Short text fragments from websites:
----

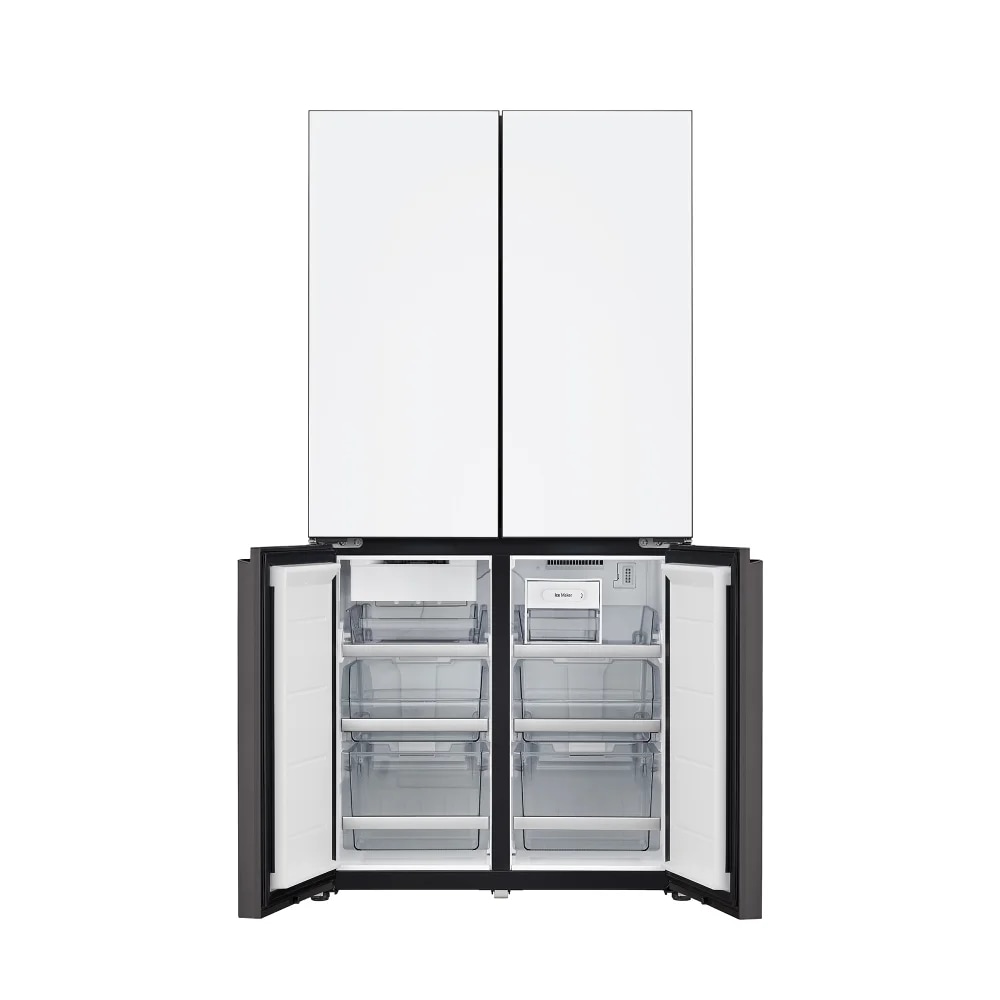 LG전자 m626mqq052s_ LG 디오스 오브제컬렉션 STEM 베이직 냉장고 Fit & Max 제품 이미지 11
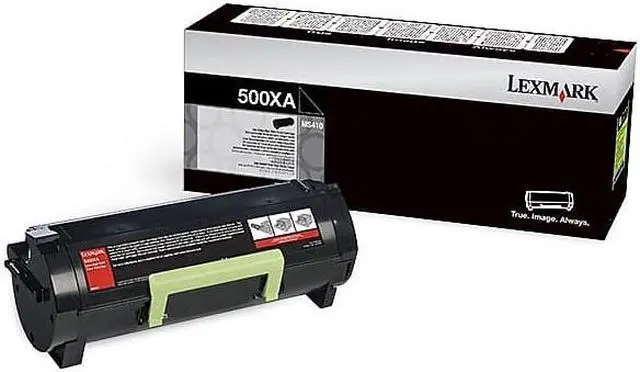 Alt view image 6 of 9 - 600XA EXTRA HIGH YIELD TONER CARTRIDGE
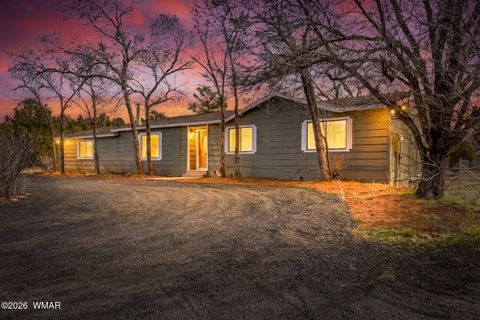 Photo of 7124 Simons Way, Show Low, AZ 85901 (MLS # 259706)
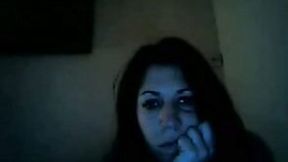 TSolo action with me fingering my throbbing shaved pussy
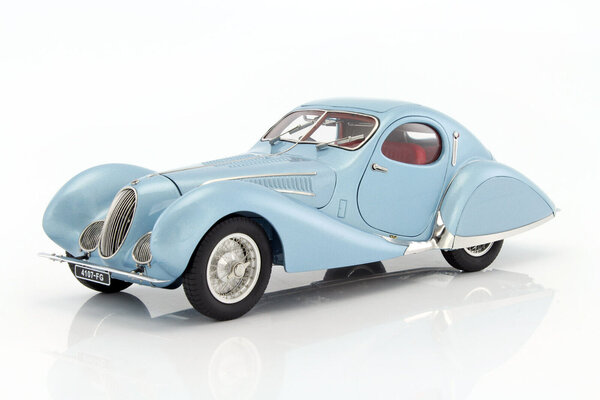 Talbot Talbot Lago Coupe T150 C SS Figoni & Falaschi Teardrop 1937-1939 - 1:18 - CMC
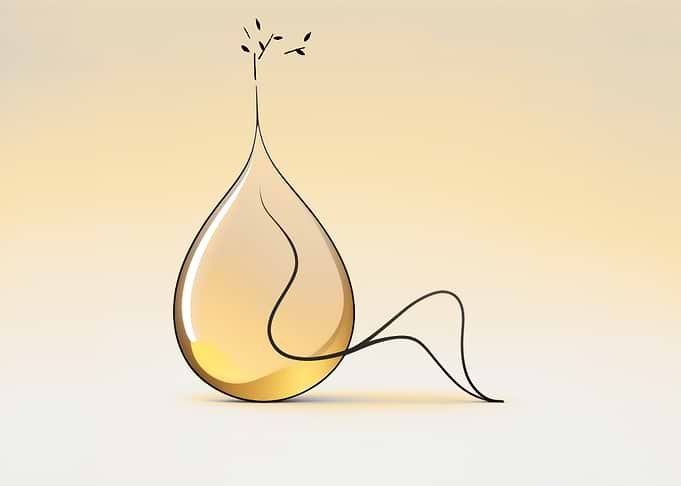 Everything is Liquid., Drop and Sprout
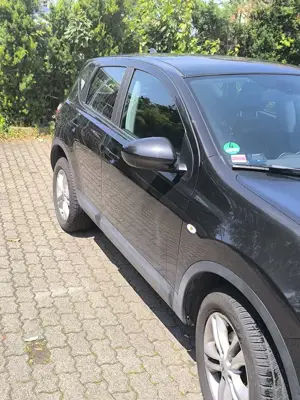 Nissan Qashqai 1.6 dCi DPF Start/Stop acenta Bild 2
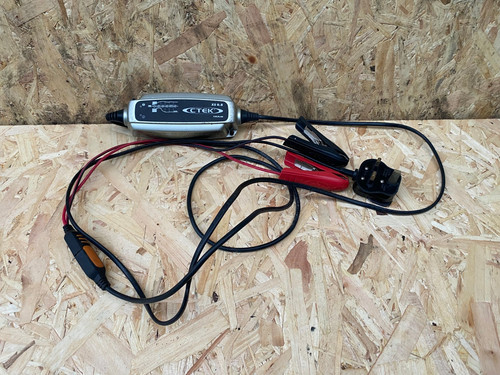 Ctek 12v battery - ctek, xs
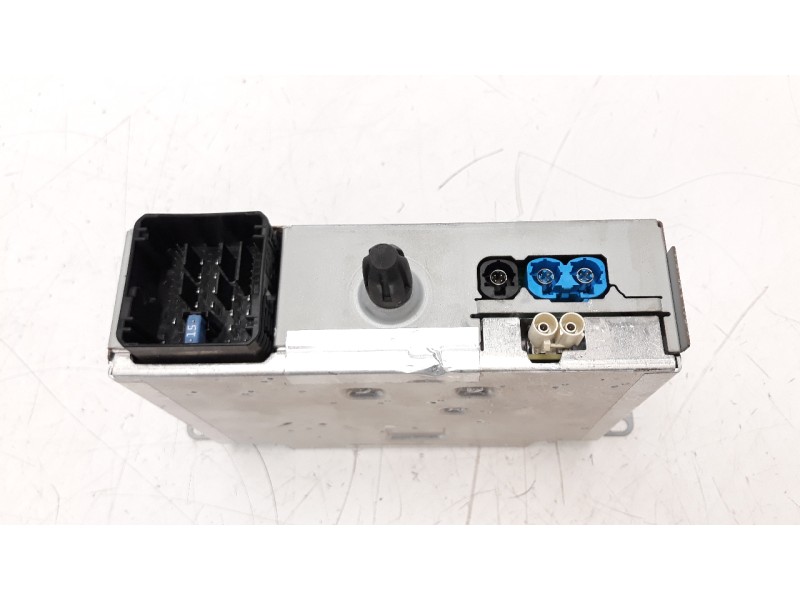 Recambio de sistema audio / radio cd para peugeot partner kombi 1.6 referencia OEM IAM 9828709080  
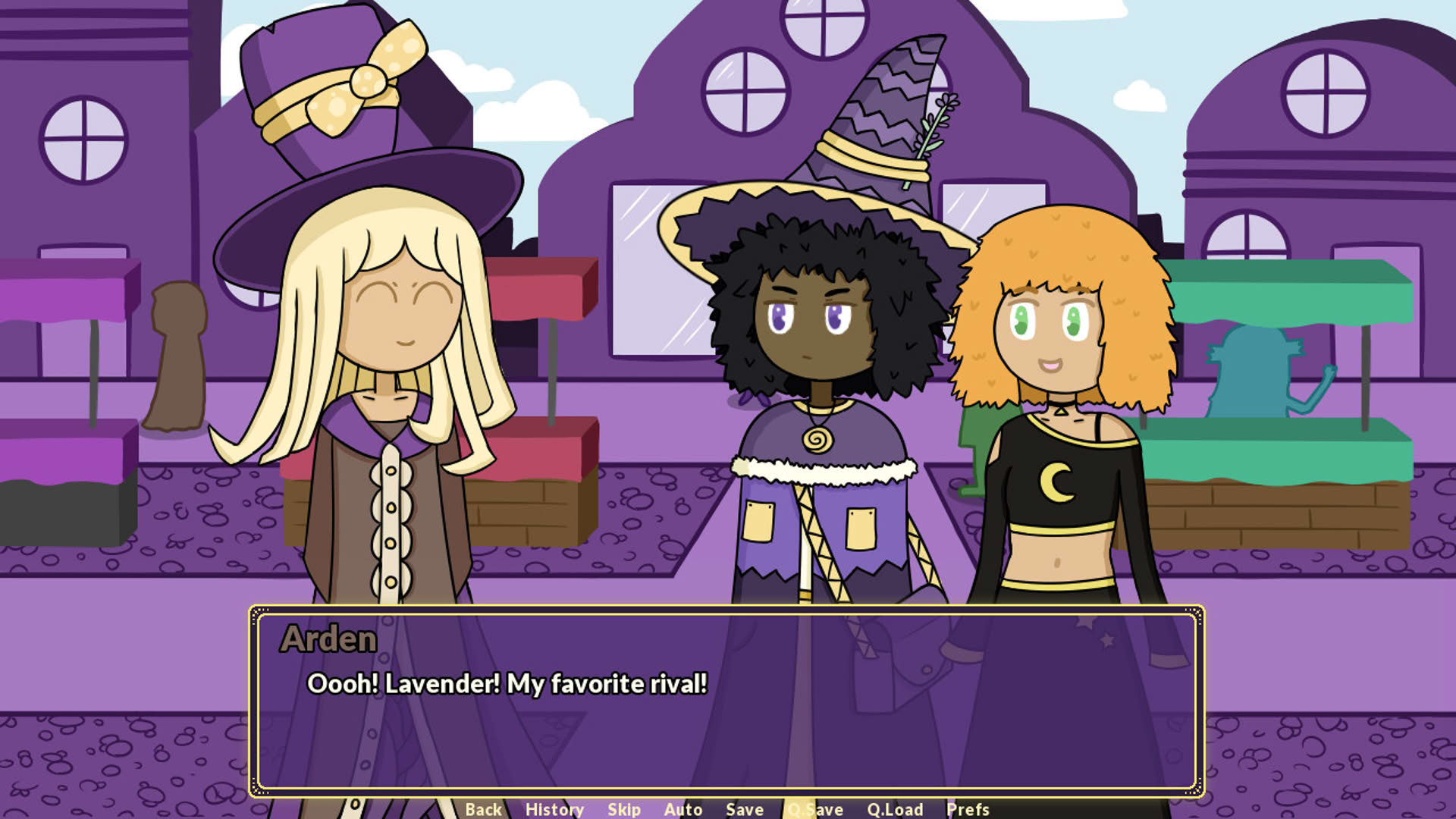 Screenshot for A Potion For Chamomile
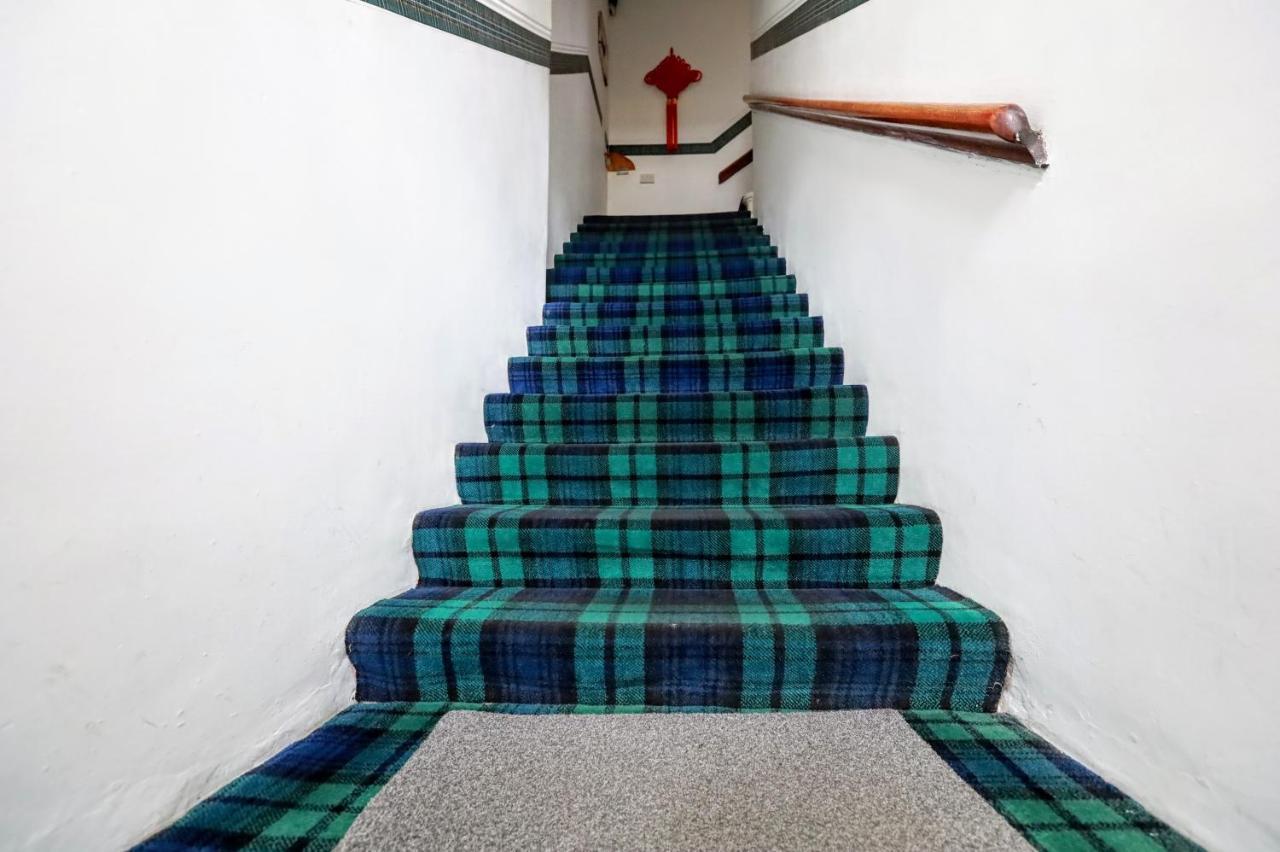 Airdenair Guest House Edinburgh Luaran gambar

----

» Exercise aim:
Retype the lines starting with the one that holds "TSolo action with" and ending with the last line of the data above, both included; skip the pictures.

» Answer space:
 TSolo action with me fingering my throbbing shaved pussy
 Talbot Talbot Lago Coupe T150 C SS Figoni & Falaschi Teardrop 1937-1939 - 1:18 - CMC
 Everything is Liquid., Drop and Sprout
 Nissan Qashqai 1.6 dCi DPF Start/Stop acenta Bild 2
 Ctek 12v battery - ctek, xs
 Recambio de sistema audio / radio cd para peugeot partner kombi 1.6 referencia OEM IAM 9828709080  
 Screenshot for A Potion For Chamomile
 Airdenair Guest House Edinburgh Luaran gambar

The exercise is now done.